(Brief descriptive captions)
== == ==

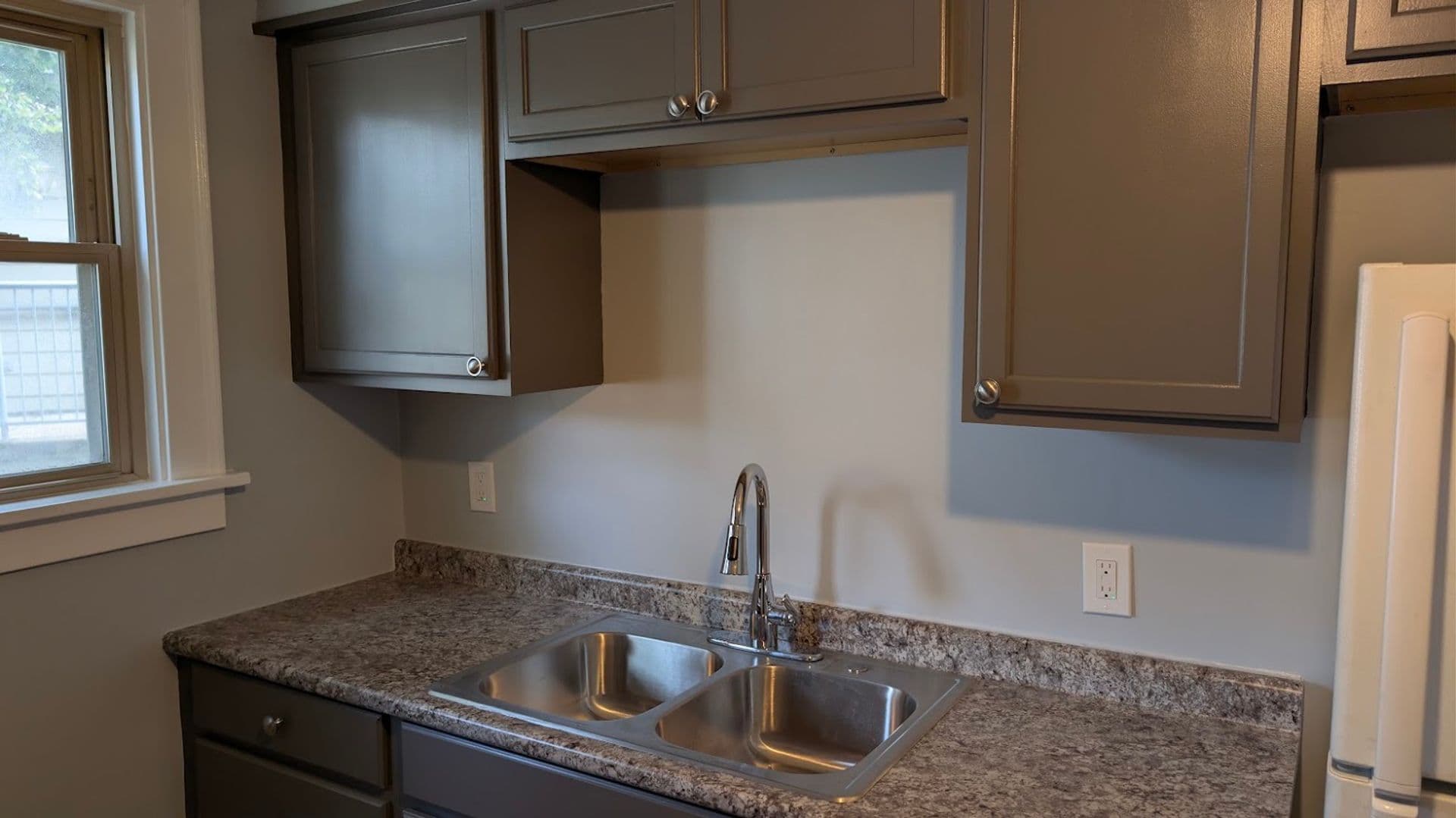 Pittsburgh Apartment: 1011 California Ave. - Apt. 1R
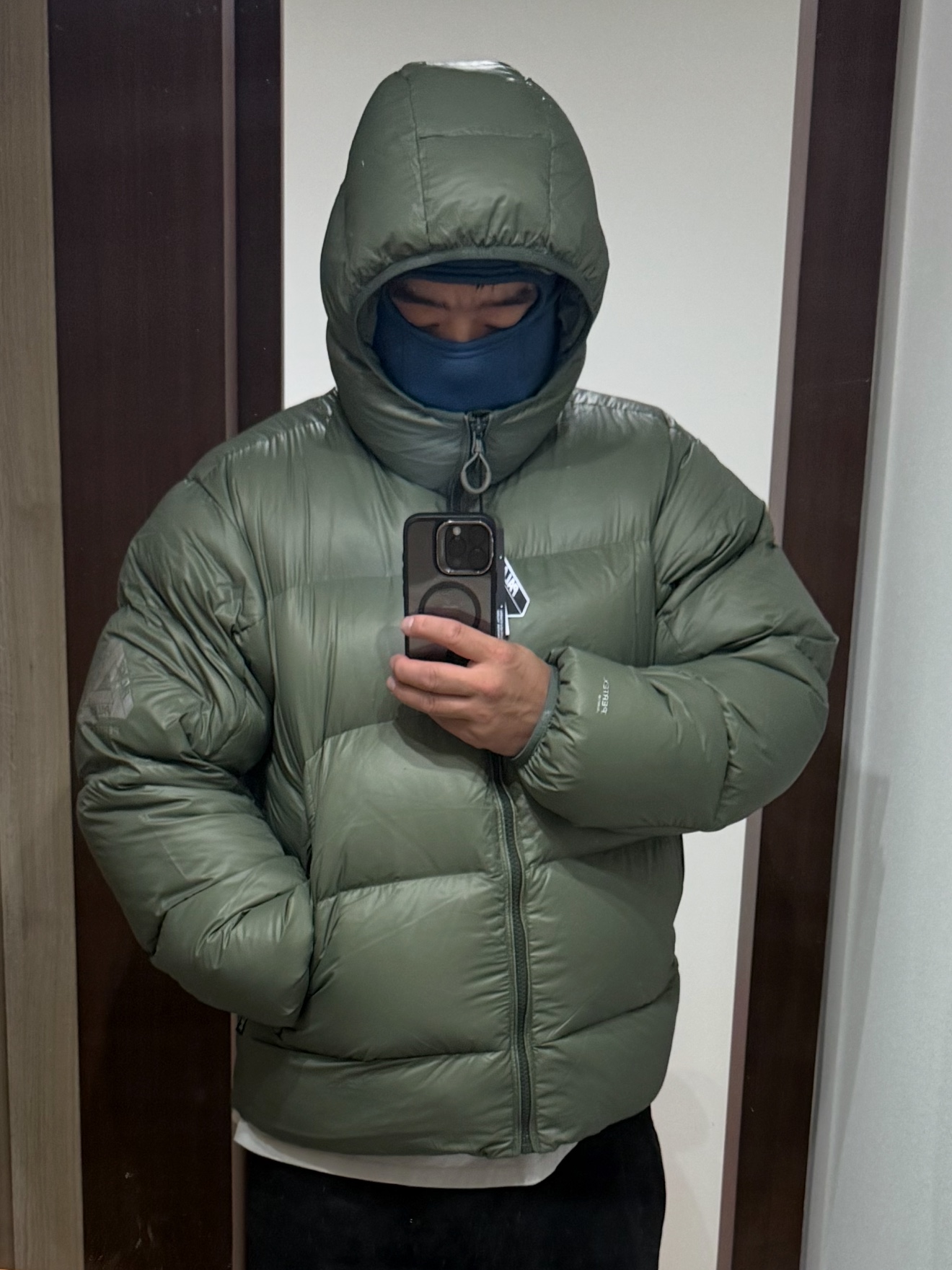 Palace Pertex Opaque Balaclava Puffa Green - 24FW 착용 스타일 - 4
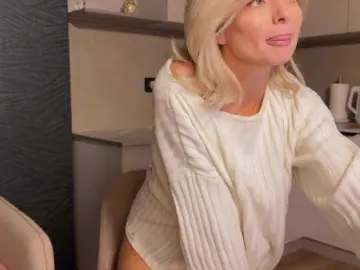 -Molly- from bongacams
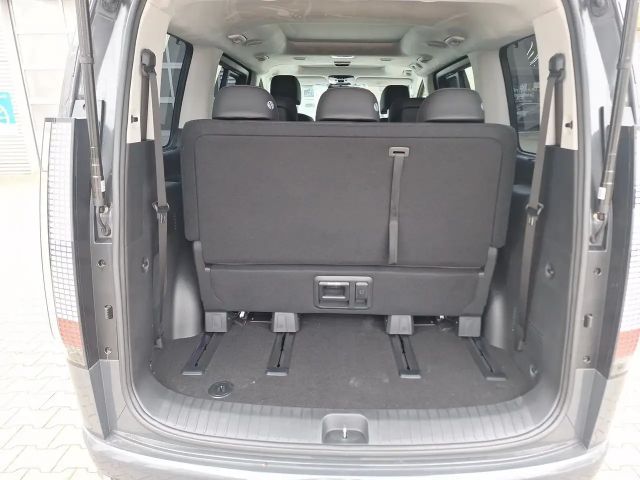 Hyundai Staria Signature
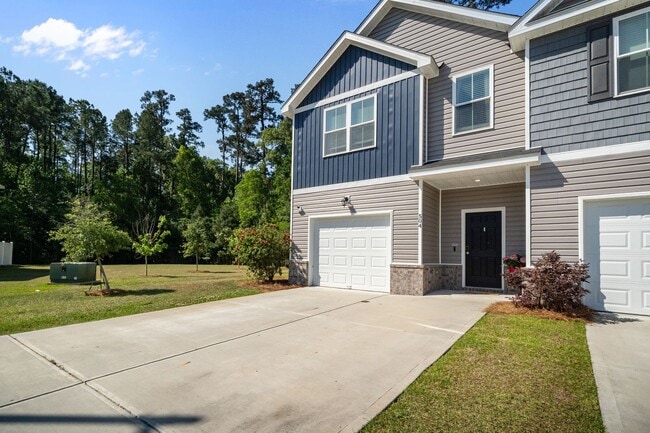 Photo - Stunning 3 Bedroom Townhome in Towne Park, Pooler GA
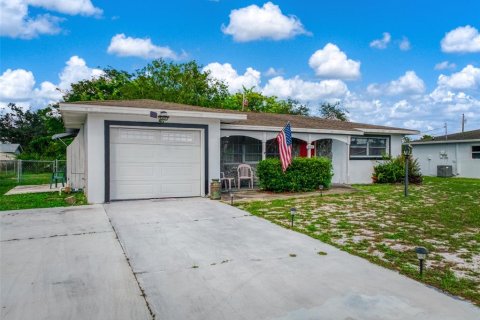 House in Lake Placid, Florida 2 bedrooms, 94.2 sq.m. № 2391213 - photo 2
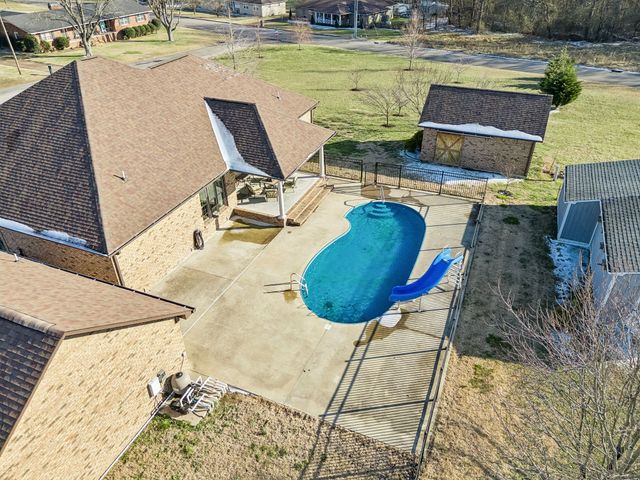 1602 Gordon Ln, Lawrenceburg, TN 38464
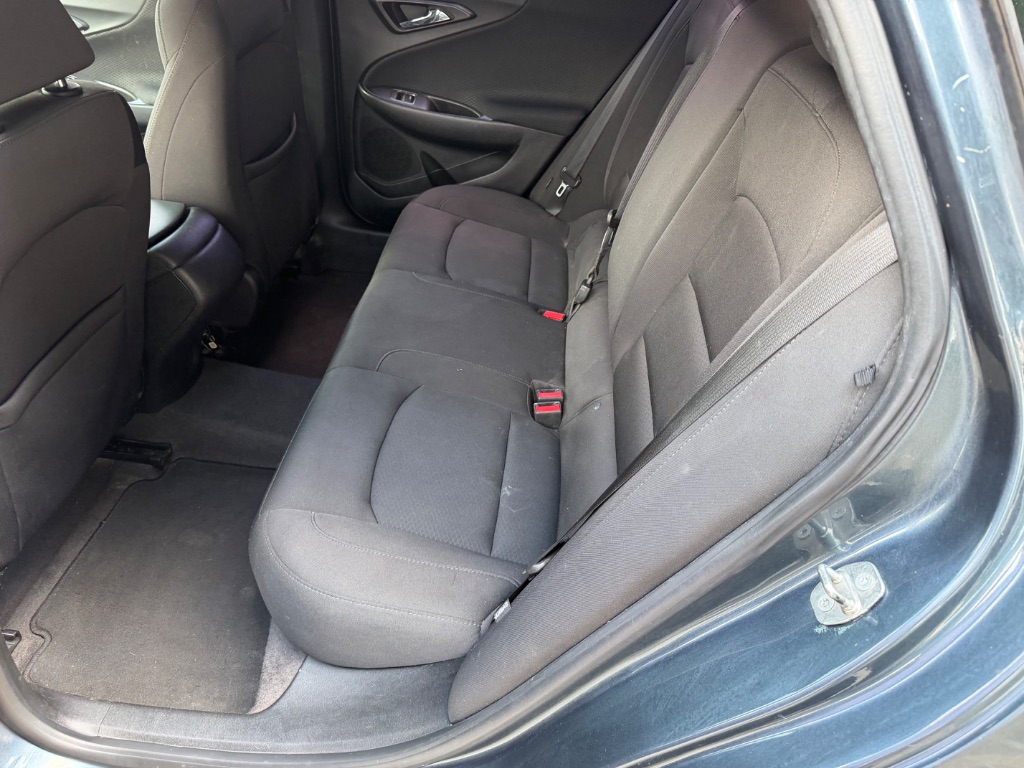 2019 Chevrolet Malibu - $7,900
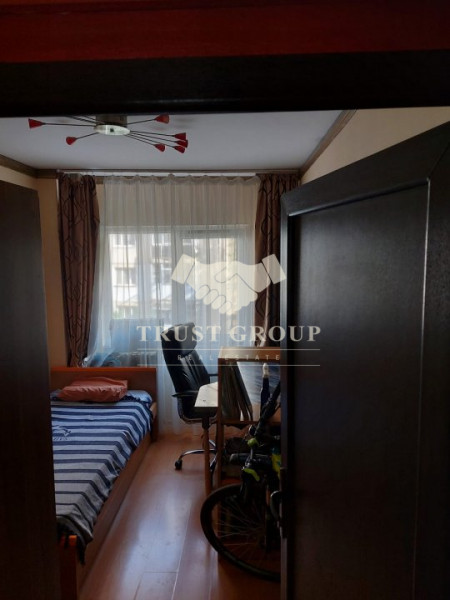 Apartament 3 camere zona Lacul Tei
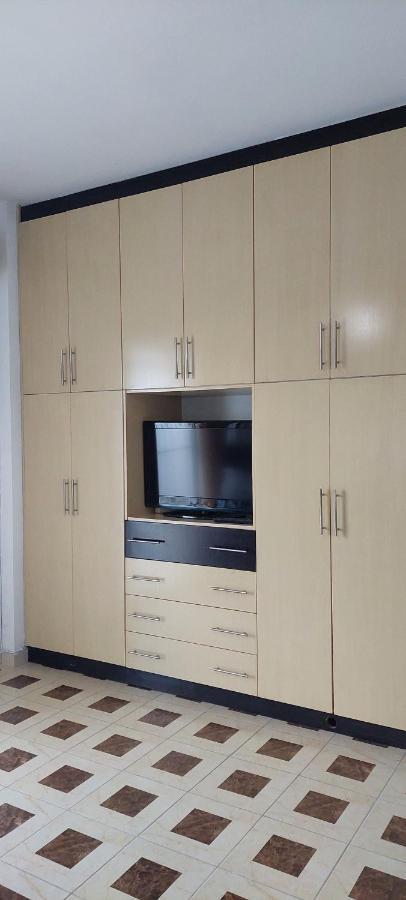 Apartment Tinka In Saranda Extérieur photo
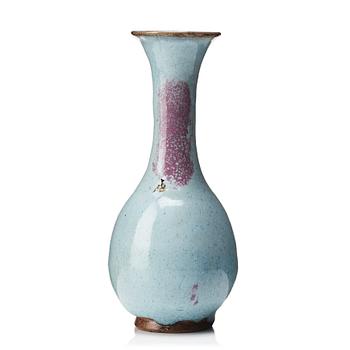 607. A junglazed vase, Yuan dynasty (1271-1368).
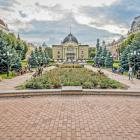Plac teatralny. W 2000 roku przed teatrem pojawiła się Aleja Gwiazd poświęcona wybitnym...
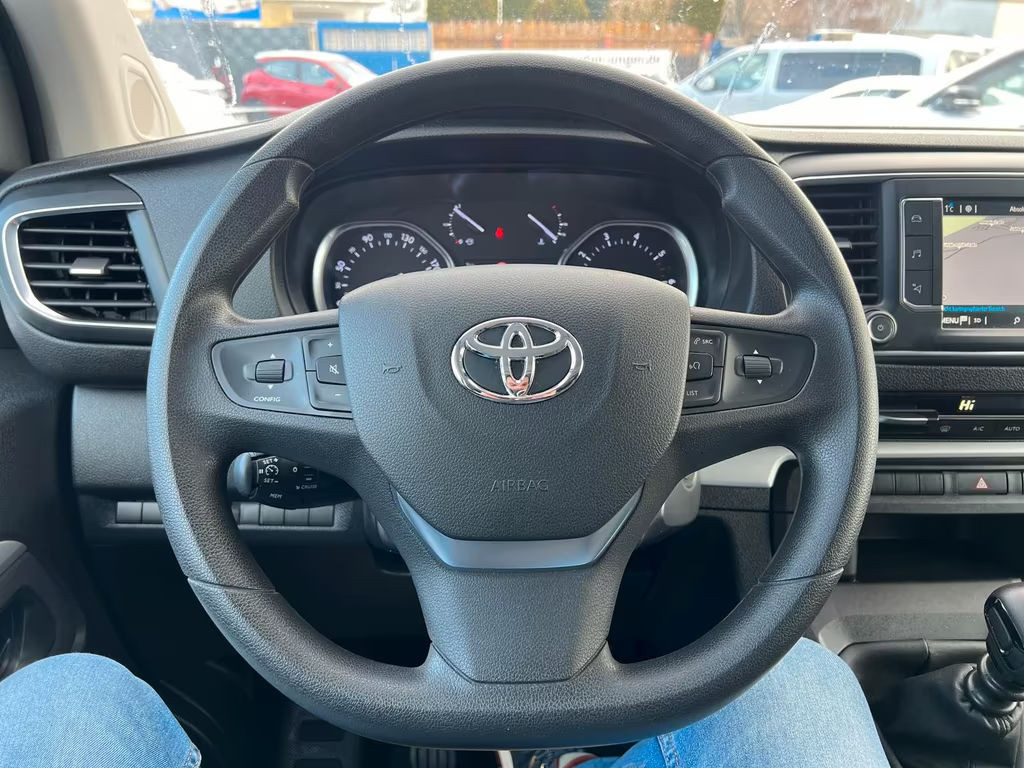 Toyota Proace (Verso)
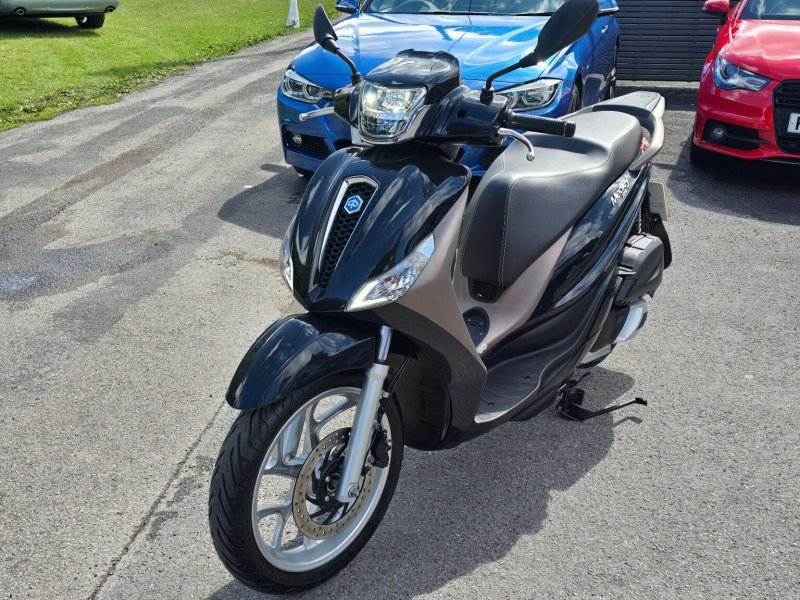 PIAGGIO Medley 125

== == ==

What is needed is a word-for-word copy of the lines from the one containing "Photo - Stunning" through the final line of the records above, both included, with the pictures left out.

 Photo - Stunning 3 Bedroom Townhome in Towne Park, Pooler GA
 House in Lake Placid, Florida 2 bedrooms, 94.2 sq.m. № 2391213 - photo 2
 1602 Gordon Ln, Lawrenceburg, TN 38464
 2019 Chevrolet Malibu - $7,900
 Apartament 3 camere zona Lacul Tei
 Apartment Tinka In Saranda Extérieur photo
 607. A junglazed vase, Yuan dynasty (1271-1368).
Plac teatralny. W 2000 roku przed teatrem pojawiła się Aleja Gwiazd poświęcona wybitnym...
 Toyota Proace (Verso)
 PIAGGIO Medley 125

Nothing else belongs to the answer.